> **Your instructions**: Look through the entries below for the line with "6pcs BBQ Party" and the line with "Lampada da Terra", then give again exactly those two lines and all lines between them, minus the pictures.

> **Provided records**:
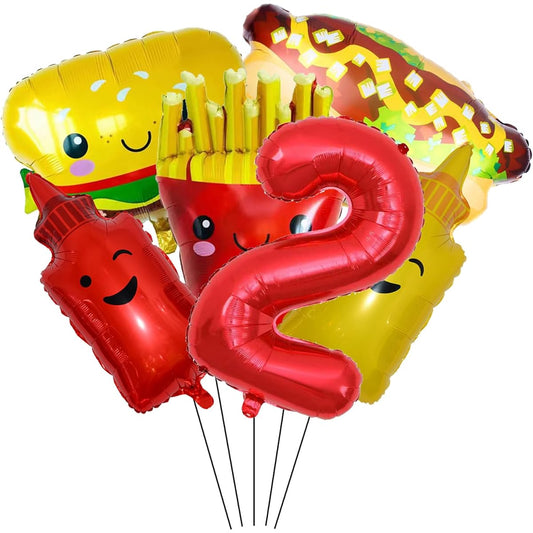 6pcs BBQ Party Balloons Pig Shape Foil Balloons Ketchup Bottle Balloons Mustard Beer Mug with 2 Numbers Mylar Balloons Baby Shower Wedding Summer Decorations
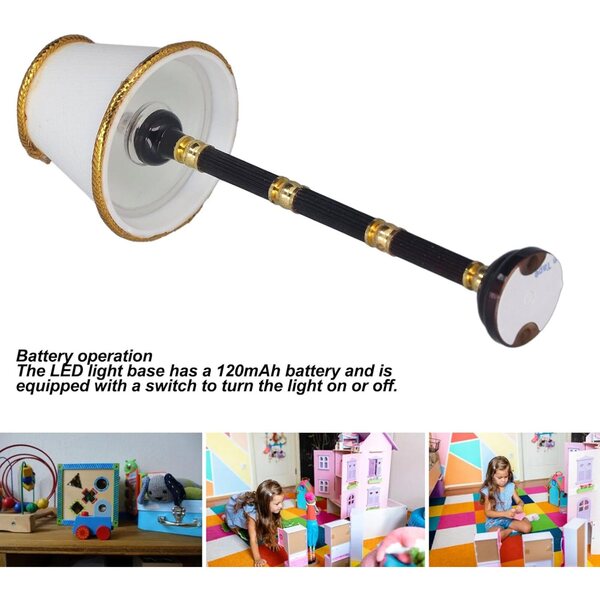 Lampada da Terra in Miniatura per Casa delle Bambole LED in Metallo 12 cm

==

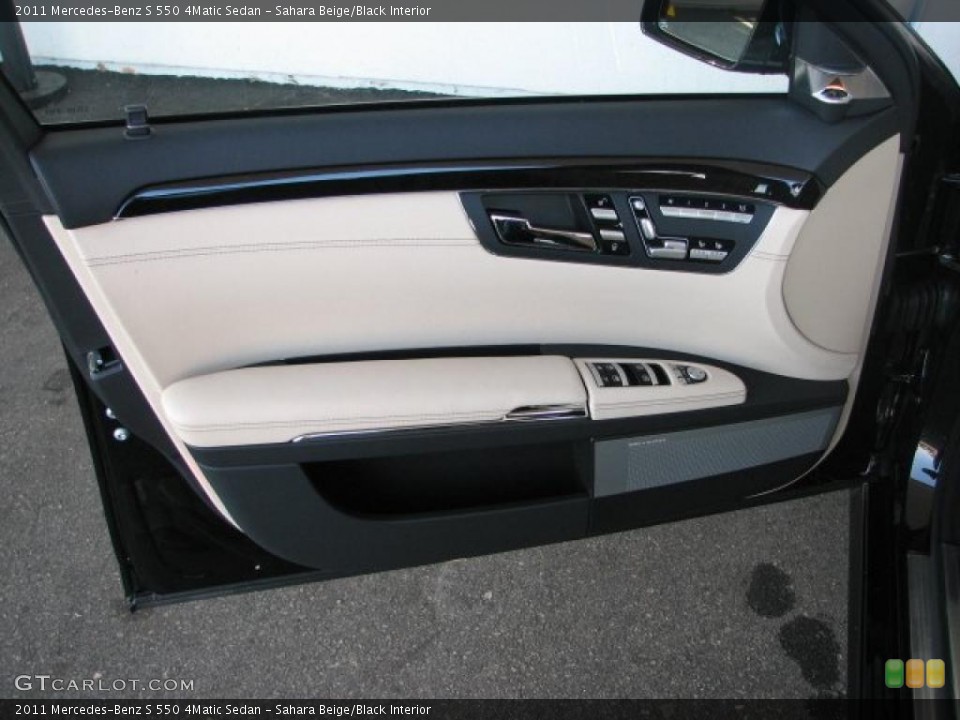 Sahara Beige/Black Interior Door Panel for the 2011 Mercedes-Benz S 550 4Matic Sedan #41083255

...

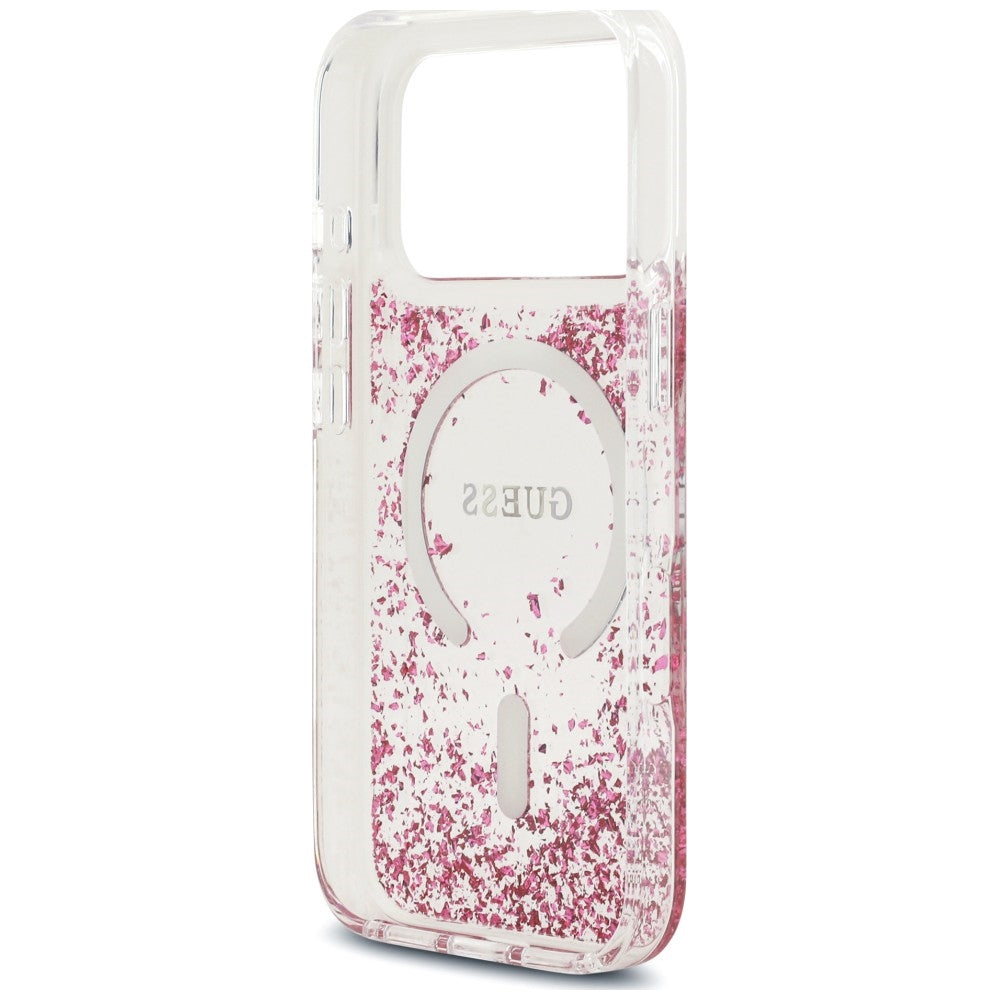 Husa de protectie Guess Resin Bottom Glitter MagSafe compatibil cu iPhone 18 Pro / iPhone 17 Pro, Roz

> **Solution to the exercise**:
 6pcs BBQ Party Balloons Pig Shape Foil Balloons Ketchup Bottle Balloons Mustard Beer Mug with 2 Numbers Mylar Balloons Baby Shower Wedding Summer Decorations
 Lampada da Terra in Miniatura per Casa delle Bambole LED in Metallo 12 cm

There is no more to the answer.